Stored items
_ _ _ _ _

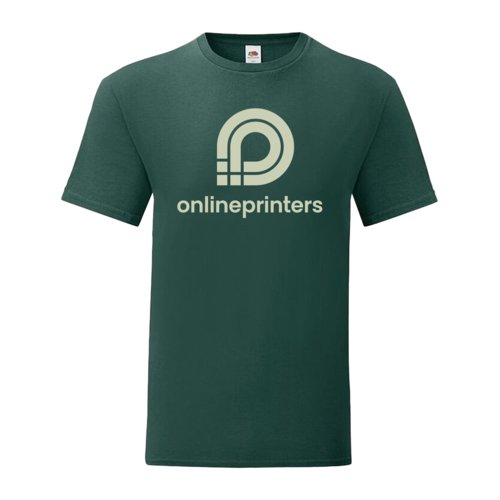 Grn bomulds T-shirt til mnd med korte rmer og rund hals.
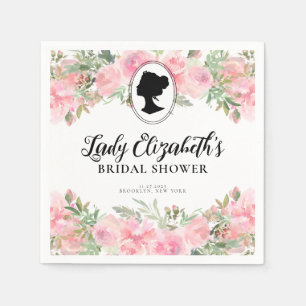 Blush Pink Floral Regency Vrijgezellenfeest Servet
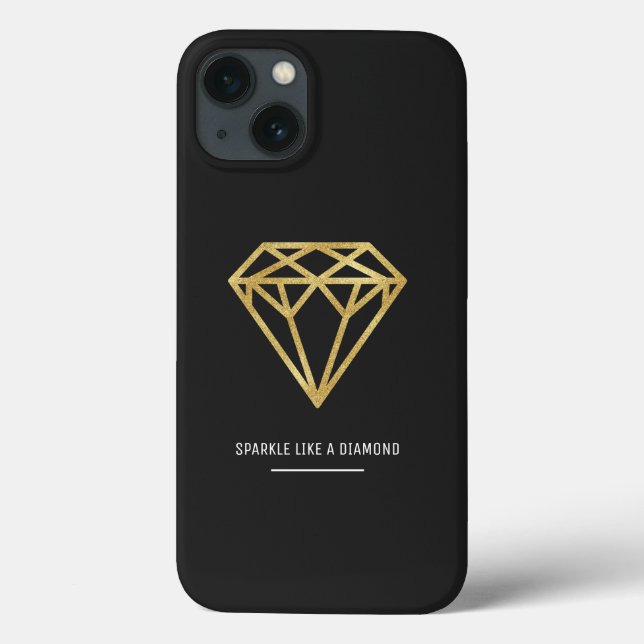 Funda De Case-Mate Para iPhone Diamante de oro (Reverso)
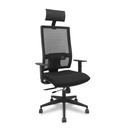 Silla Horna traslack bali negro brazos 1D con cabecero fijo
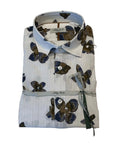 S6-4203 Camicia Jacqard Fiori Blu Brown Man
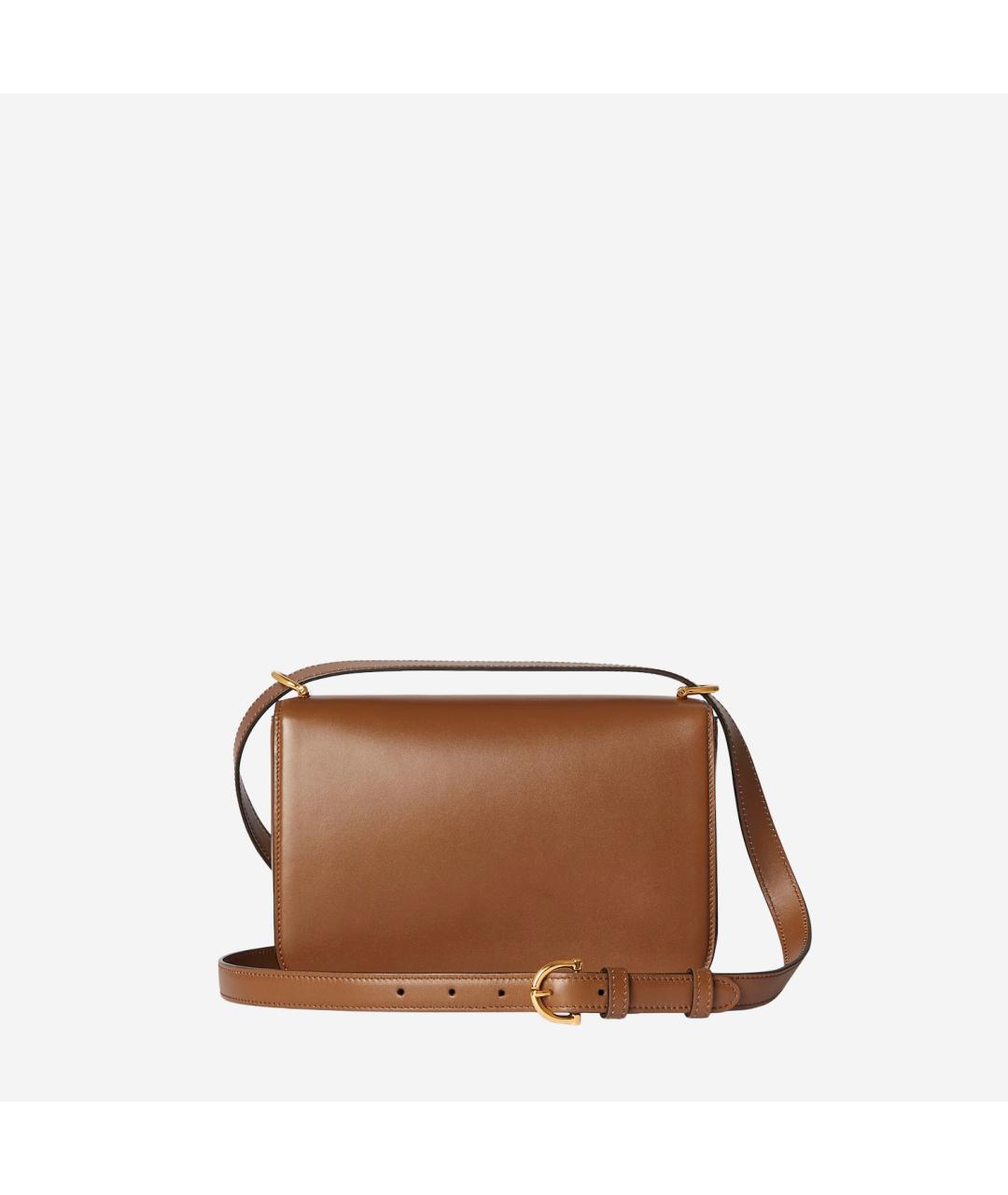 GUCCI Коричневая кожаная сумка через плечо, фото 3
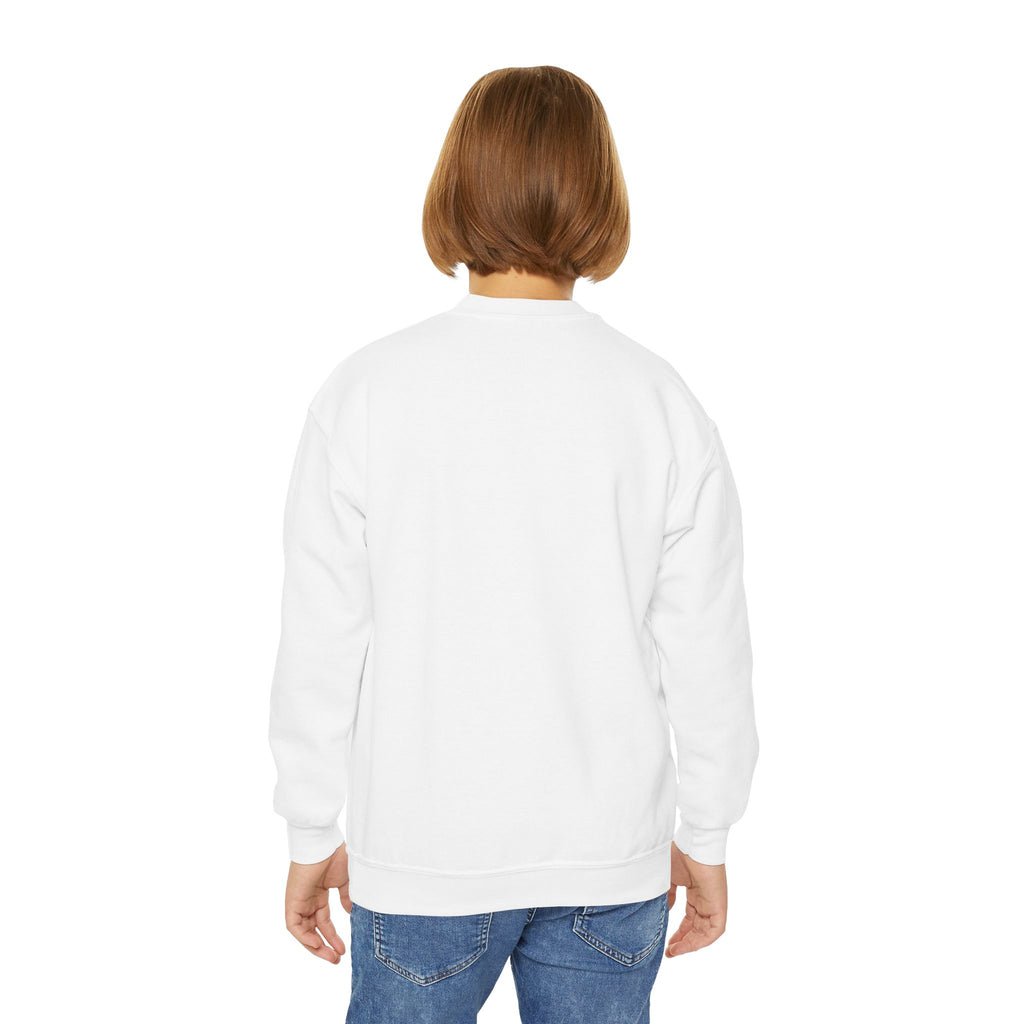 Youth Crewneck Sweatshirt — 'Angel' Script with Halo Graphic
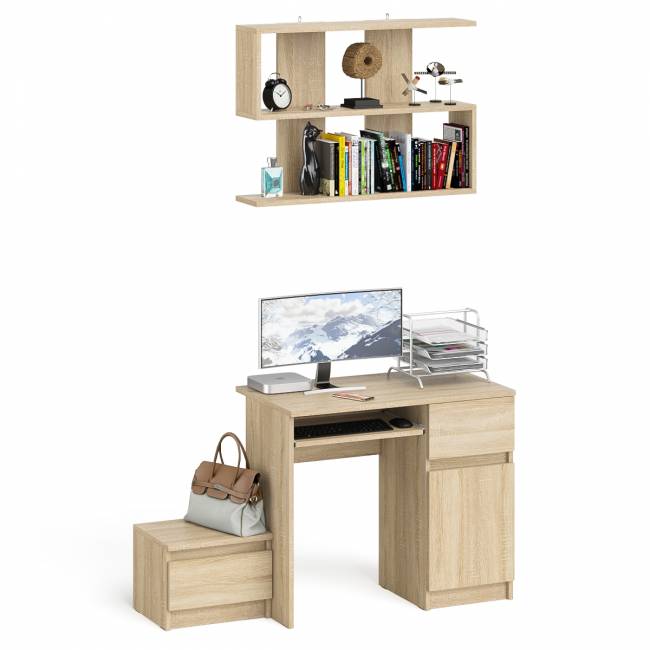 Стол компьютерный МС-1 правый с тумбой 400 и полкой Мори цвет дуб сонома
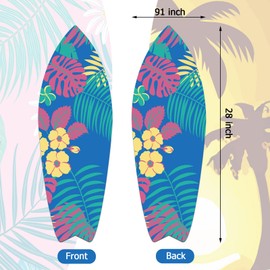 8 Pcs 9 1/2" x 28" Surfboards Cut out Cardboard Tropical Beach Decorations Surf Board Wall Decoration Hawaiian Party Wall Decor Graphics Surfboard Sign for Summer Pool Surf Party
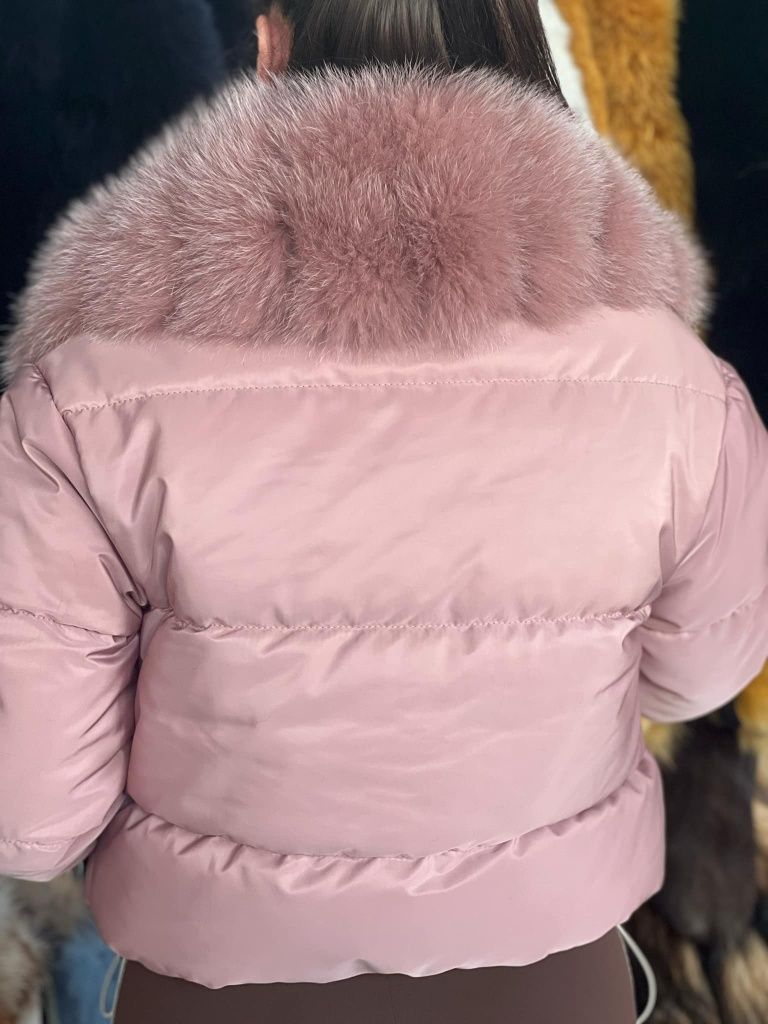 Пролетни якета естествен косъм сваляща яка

_ _ _ _ _

• Exercise requirements:
This exercise calls for the records to be given again exactly, without the images.

• Output:
 Grn bomulds T-shirt til mnd med korte rmer og rund hals.
 Blush Pink Floral Regency Vrijgezellenfeest Servet
 Funda De Case-Mate Para iPhone Diamante de oro (Reverso)
 Silla Horna traslack bali negro brazos 1D con cabecero fijo
 S6-4203 Camicia Jacqard Fiori Blu Brown Man
 GUCCI Коричневая кожаная сумка через плечо, фото 3
 Youth Crewneck Sweatshirt — 'Angel' Script with Halo Graphic
 Стол компьютерный МС-1 правый с тумбой 400 и полкой Мори цвет дуб сонома
 8 Pcs 9 1/2" x 28" Surfboards Cut out Cardboard Tropical Beach Decorations Surf Board Wall Decoration Hawaiian Party Wall Decor Graphics Surfboard Sign for Summer Pool Surf Party
 Пролетни якета естествен косъм сваляща яка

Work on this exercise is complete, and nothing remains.